In the face of escalating health, environmental, and food crises, the One Health approach is emerging as an essential response. Gathered in Lyon on April 6 and 7, public and private stakeholders reaffirmed the urgent need for coordinated action based on prevention, international cooperation, and the breaking down of sectoral silos.
Global health: interconnected by nature
Human health cannot be considered in isolation from the health of animals and ecosystems. Today, approximately 60% of emerging infectious diseases originate in animals, and 75% of emerging human diseases come from animals. Each year, around five new diseases appear, three of which are zoonotic in origin (Ebola, COVID-19). In a world where 811 million people go to bed hungry and over 20% of global livestock production losses are disease-related, the One Health approach seeks to anticipate and prevent crises by fostering collaboration across disciplines—medicine, veterinary health, agronomy, ecology—and across regions.

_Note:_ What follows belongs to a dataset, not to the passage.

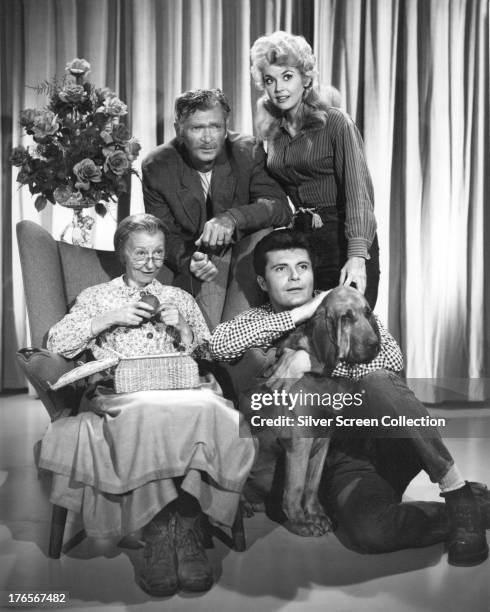 Members of the cast of the TV series 'The Beverly Hillbillies' in a publicity still, circa 1965. Clockwise, from left: Irene Ryan , as Granny Daisy...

From dialogue to action: transforming systems
The One Health Summit highlighted several levers to sustainably evolve health systems: strengthening international cooperation, rethinking institutional frameworks, engaging public and private actors, and developing more effective surveillance mechanisms. Since 2003, diseases and pandemics have caused over 15 million deaths and economic losses of USD 4 trillion. The challenge is clear: shift from a reactive to a preventive approach, leveraging science, innovation, and enhanced coordination across all levels of intervention.
IECD: Training to Prevent and Act Locally
While the One Health Summit underscored the need for a global and coordinated response, such an approach cannot succeed without health professionals trained to think and act in an integrated way. Through its initial and continuing education programs, IECD works to build more resilient health systems by placing prevention, community proximity, and a holistic approach to patient care at the heart of its competency frameworks. Training a health professional to detect a zoonosis early in their region, raise community awareness of the risks associated with human-animal-environment interactions, and efficiently connect with existing surveillance systems is a concrete way to translate the ambitions of the Lyon Summit at the local level. In this sense, strengthening the capacities of frontline health personnel is not just a development goal—it is an essential link in global health security.